As I'm no longer installing this tool when this package is installed the description below is only for reference:
Command line help is available as below:
(arib)joneil@joneilDesktop ~/code/arib $ arib-autosub -h
usage: arib-autosub [-h] infile pid
Auto translate jp CCs in MPEG TS file.
positional arguments:
infile Input filename (MPEG2 Transport Stream File)
pid Pid of closed caption ES to extract from stream.
optional arguments:
-h, --help show this help message and exit
The application requires 2 command line arguments, the name of the input .ts file and the PID of the CC elementary stream. Please see below regarding how to identify a Closed Caption PID in a .ts file using the tsinfo tool.

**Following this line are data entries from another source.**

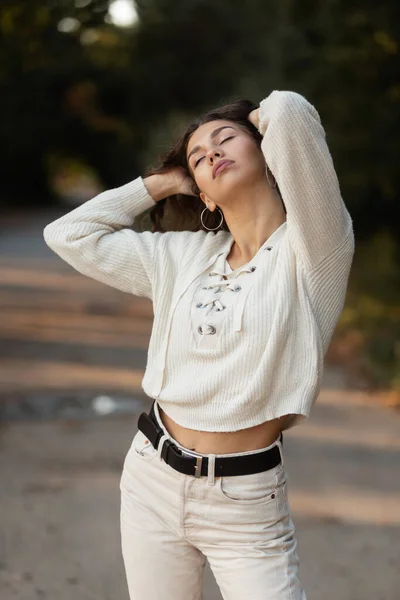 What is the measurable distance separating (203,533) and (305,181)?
36.9 inches

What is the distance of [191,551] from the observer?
2.63m

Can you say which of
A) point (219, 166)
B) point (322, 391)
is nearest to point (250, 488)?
point (219, 166)

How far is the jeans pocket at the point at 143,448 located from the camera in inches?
105

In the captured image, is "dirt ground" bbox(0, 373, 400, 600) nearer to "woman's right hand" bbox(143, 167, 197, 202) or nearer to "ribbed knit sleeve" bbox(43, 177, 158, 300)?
"ribbed knit sleeve" bbox(43, 177, 158, 300)

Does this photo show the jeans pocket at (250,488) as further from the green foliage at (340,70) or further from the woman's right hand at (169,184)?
the green foliage at (340,70)

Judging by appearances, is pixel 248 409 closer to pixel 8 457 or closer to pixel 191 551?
pixel 191 551

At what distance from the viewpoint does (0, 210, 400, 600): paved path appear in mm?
4438

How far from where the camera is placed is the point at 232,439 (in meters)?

An example screenshot of a resultant subtitle follows (from a news broadcast):
Currently, text position and color are not carried through the translation process.
Because this tool uses the Bing Translate API, the user must get their own "Client ID" and "Client scret" credentials from the windows Azue Marketplace. These need be defined in the arib.secret_key module.
To find the PES ID of the closed captions stream within any TS (if it exists!) see the section below.
The translation results are not good. In fact, they are often lewd and comical. Still, this is an interesting experiment. To illustrate the defficiencies of the approach, I present the following screenshot, translating the shot from the previous section. You'll notice that despite the simplicity of the original source, the translation is off. It does give a "general sense" of meaning, however.